Нам предстояло выступить против Англии, и многие из нас чувствовали, что мы задержались на якоре слишком уж долго. Только 28 декабря мы наконец ушли из Бремена, получив приказ перейти для окончания работ в Киль. Там же мы должны были получить продовольствие и боеприпасы для предстоящих боевых действий.

Темная ночь, неожиданный толчок, легкое покачивание и внезапно наступившая тишина – замолчали двигатели. А потом громкие проклятия девятнадцати униженных офицеров. Чертов корабль сел на мель.

«Атлантис», будущий рейдер, вспомогательный крейсер, едва дождавшийся выхода в открытое море, позорно увяз в илистых донных отложениях Везера. Думаю, не стоит приводить высказывания, которыми сопровождалось это действо. Вины Рогге в случившемся не было. Судно находилось под управлением лоцмана, который не знал новых знаков навигационной обстановки. Но независимо от того, кто был ответственен за происшествие, невозможно было оспорить следующий факт: начало вряд ли оказалось таким, о каком мы все мечтали. Поэтому на «Атлантисе» воцарилось уныние.

Фелер, наш эксперт-подрывник, попытался разрядить обстановку:

– Совершенно не о чем беспокоиться. Это добрый знак. Вспомните, «Вольф» тоже начал свою карьеру с посадки на мель, а как многого достиг?

Аналогия была неудачной, и лысина Каменца, нашего штурмана-ветерана, покраснела от гнева.
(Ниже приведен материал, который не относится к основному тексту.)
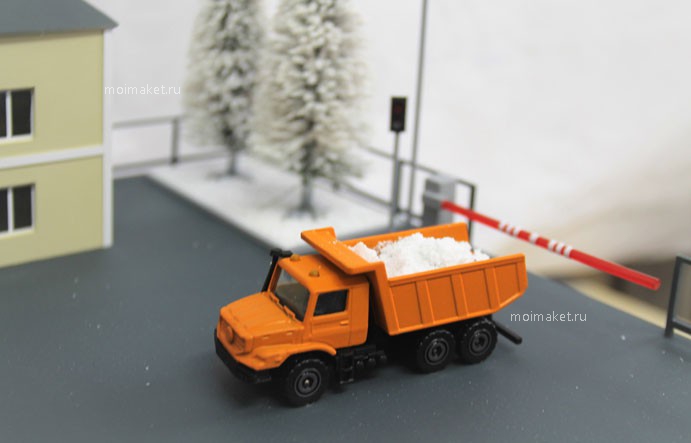 макет грузовика со снегом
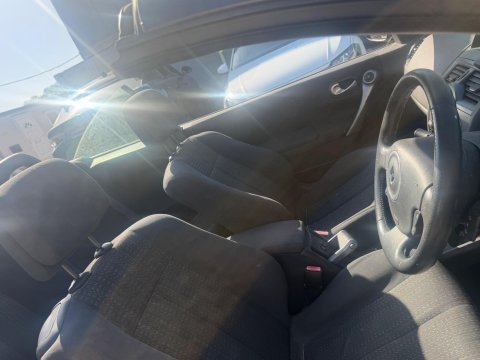 Renault Megane 1.6 VVT Dynamique 2dr 8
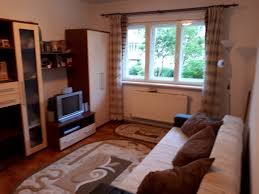 Cartier izvor (malul spitalului), decomandat, etaj 1, centrala termica proprie, tamplarie pvc cu geam. Vand Apartament 2 Camere In Sinaia Zona LinistitÄ Ofera Ro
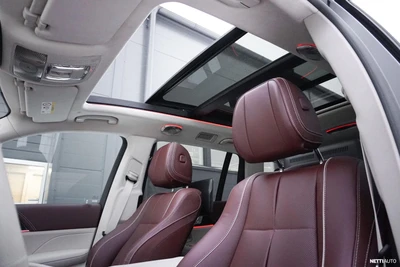Mercedes-Benz GLS 2023, photo 4/21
– Да, кретин, – прошипел он, – а что стало с его капитаном? Его в два счета убрали!

Мрачное воспоминание заставило нас почувствовать себя еще более несчастными. Слишком уж похожими были оба случая. Случай с «Вольфом», происшедший в устье Эльбы, тоже не был следствием ошибки командира. Тем не менее адмиралтейство уволило его, мотивируя свое решение тем, что капитан рейдера должен обладать не только мастерством, но и везением.

Если подобное было возможно в 1914 году, то чего мы могли ожидать в 1939-м, когда во главе рейха стоял фюрер, верящий в звезды и судьбу?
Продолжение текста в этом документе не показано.